Sale-Leaseback specialists look for long-term successful partnerships. Whilst in the US these investors dominate the real estate landscape for operational assets, In Italy, historically these investors have never been particularly active, this is down to two main reasons that have over time, ceased to remain true:
The first is that Finance Leases used to be the prevalent way for companies to finance operational assets, the tax advantages used to outweigh the concept that you could only cover say 70% of the value of the property.
The second was the tradition of "relationship" banking in Italy that meant that large successful companies were given access to liquidity by their banks even for non-core activities and at very attractive rates.
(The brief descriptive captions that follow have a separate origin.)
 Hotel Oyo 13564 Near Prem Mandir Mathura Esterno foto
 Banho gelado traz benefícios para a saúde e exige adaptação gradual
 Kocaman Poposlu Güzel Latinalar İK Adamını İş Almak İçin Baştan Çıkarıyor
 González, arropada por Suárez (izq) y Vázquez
In addition the relationship aided an embellished valuation such that 100% of the value of was extracted.
This landscape has now changed, Finance Leases are now out of fashion. For various structural and macro reasons Banks must make their loan book work harder. In addition, they have too many NPLs so will never again risk inflating values. On the flip-side, companies themselves want to keep their debt low and anchored to higher yielding core business activities.
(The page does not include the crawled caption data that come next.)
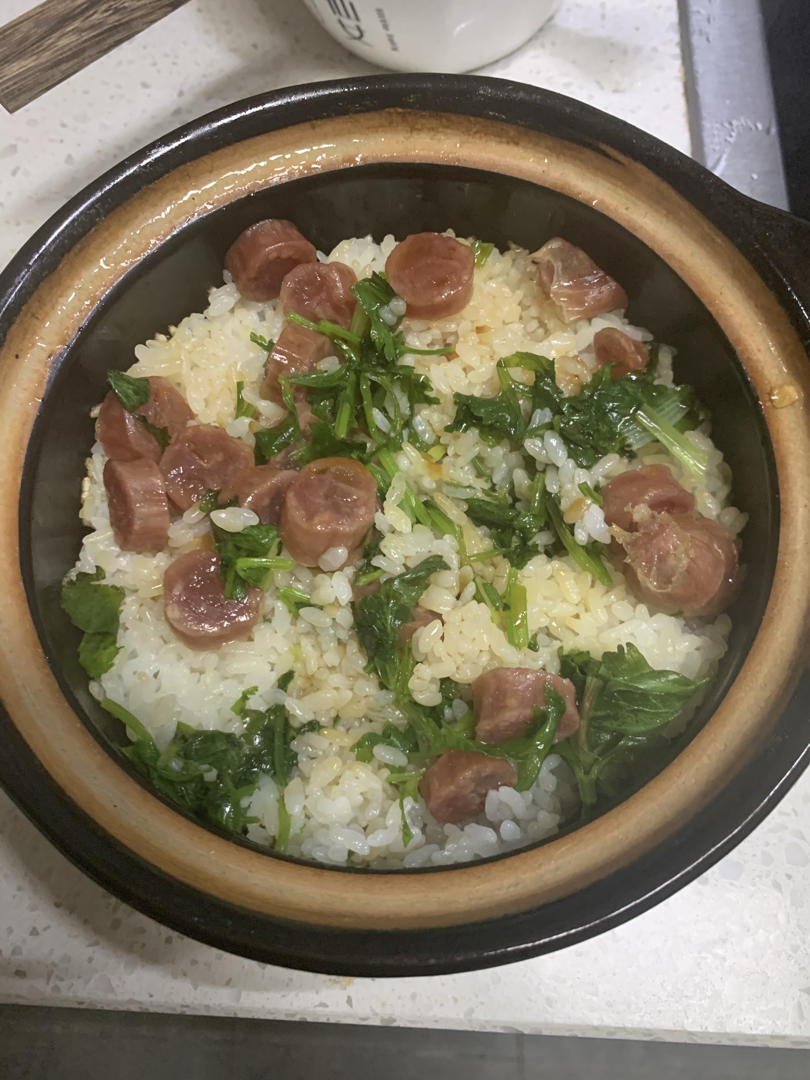 腊味煲仔饭，20分钟饭菜同出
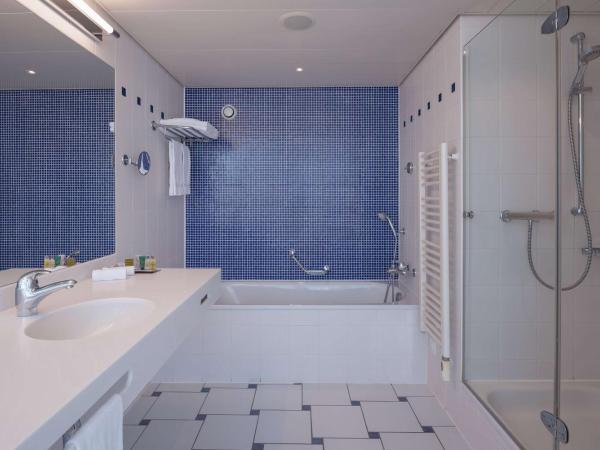 Hilton Geneva Hotel and Conference Centre : photo 4 de la chambre suite junior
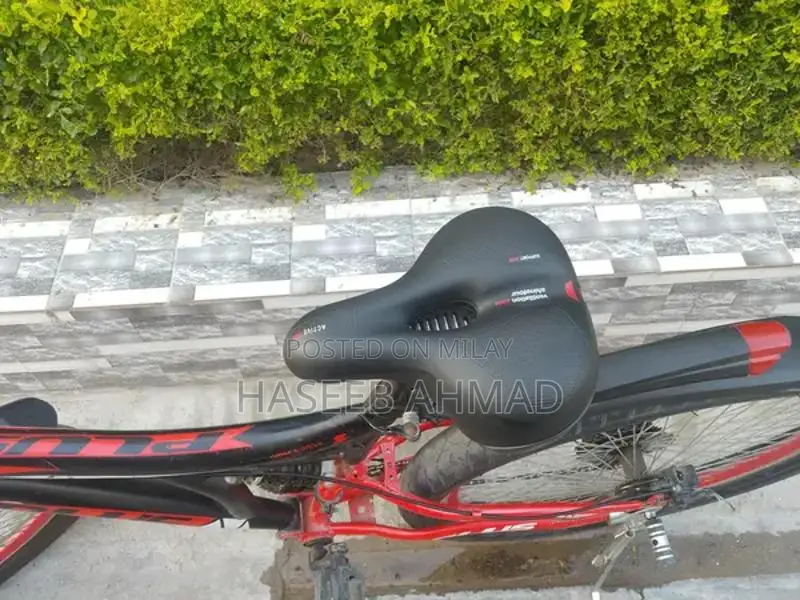 Plus MTB 26-inch Mountain Bike with 11 Gears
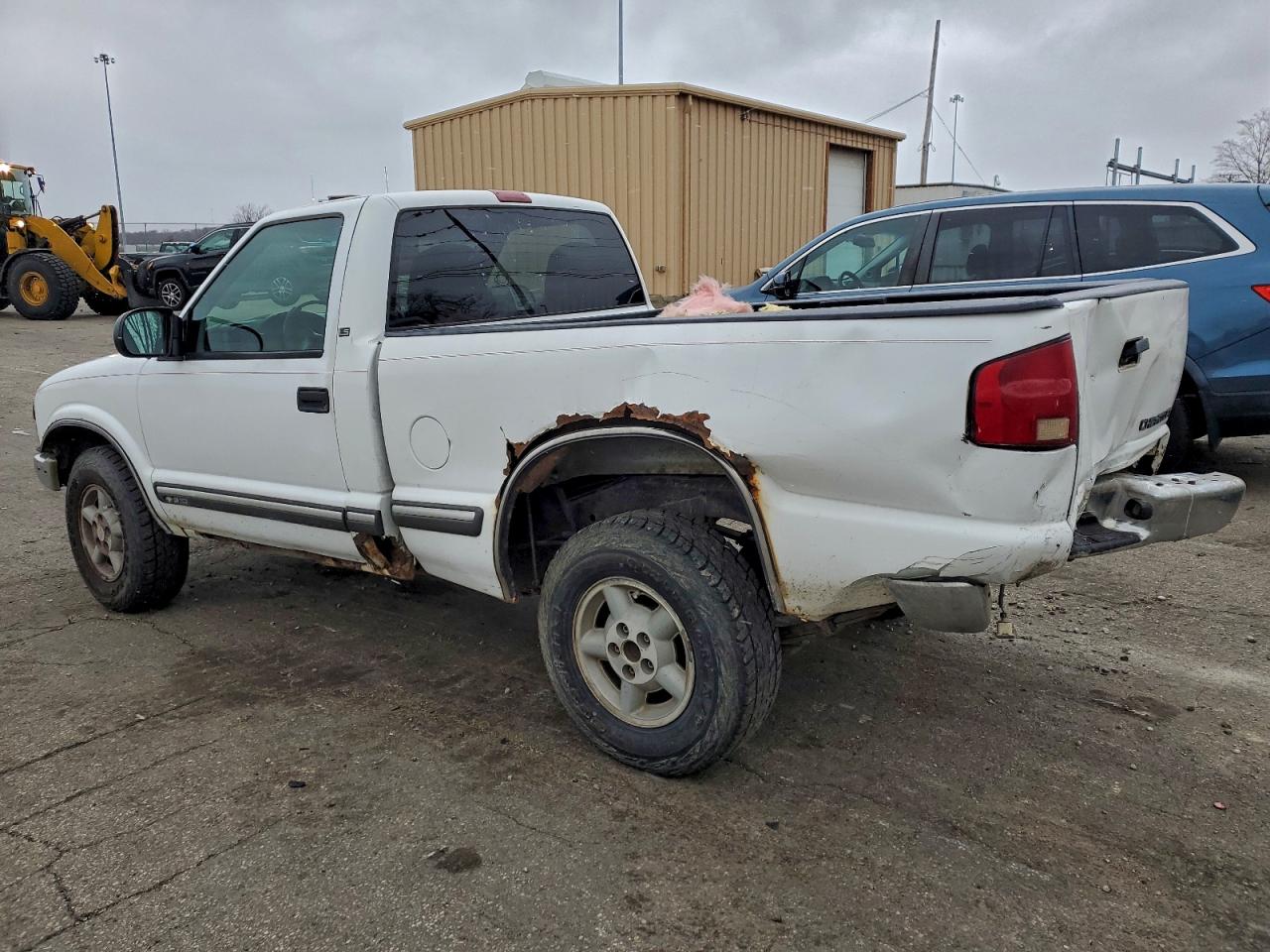 2000 CHEVROLET S TRUCK S10 photo 2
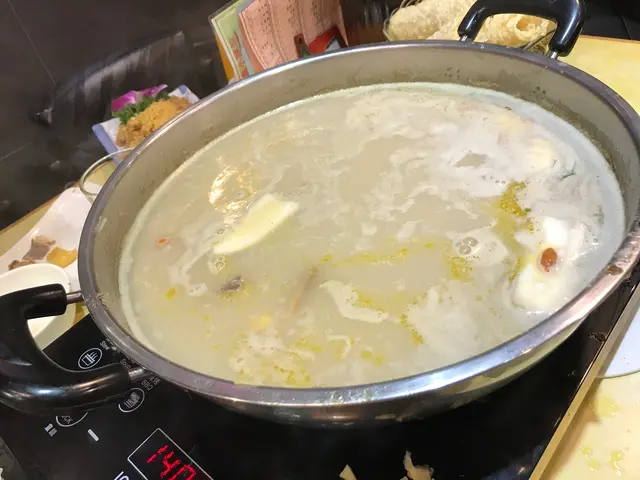 平時作為後生女既我一聽藥材湯通常都灑手擰頭調頭走😂但呢個湯好驚喜，落足藥材料之餘完全唔苦！仲要有清甜味，飲完之後暖笠笠，冬天必備既補身煲😋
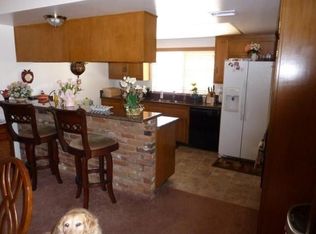 1025 W Kendall St, Corona, CA 92882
Sale-Leaseback specialists tend to prefer companies in Italy that are either retail orientated or have a large component of their sales coming from exports. The operational asset definition is the key, as they can include production facilities which non-specialist investors would never consider.
Why a Sale-Leaseback?
Unlock the full 100% market value of otherwise illiquid real estate assets;
Reinvest the cash realized from the Sale-Leaseback into the core business operations that should yield better than real estate;
Retain full operational control of the real estate;
Benefit from 100% deductibility of rental payments rather than being subject to interest limitations for traditional debt as defined by tax laws.
Sale-Leasebacks are a good way to finance operations when debt is scarce and diluting equity is not an option. Traditional mortgage refinancing today may only release between 50% and 60% of the asset value, a Sale-Leaseback allows for the extraction of 100% of a property's value.
A company’s core business should have a higher yield than real estate. Therefore, by investing the proceeds of a Sale-Leaseback into the business, the return on capital improves and your company's equity works harder!
There may be tax arguments that support renting in favour of owning the space a company operates from. Firstly, rent is a tax deductible expense. Secondly, accounting practice requires core operational real estate to be kept at book value in the balance sheet, which can differ from market value.
Many SMEs in Italy traditionally moved their operational assets into a sort of family pension fund outside of the operational business. These families now understand that it is better to have that equity in diversified assets that are more liquid.
Sale-Leasebacks allow companies to maintain full operational control of the real estate. A Sale-Leaseback transaction can be structured in such a way that, with the exception of paying rent, it will have no impact on the company’s operations or long-term strategy. These transactions are subject to a careful due diligence to ensure key elements of the transaction such as rental level are market-proof, to the mutual, long-term benefit of both parties.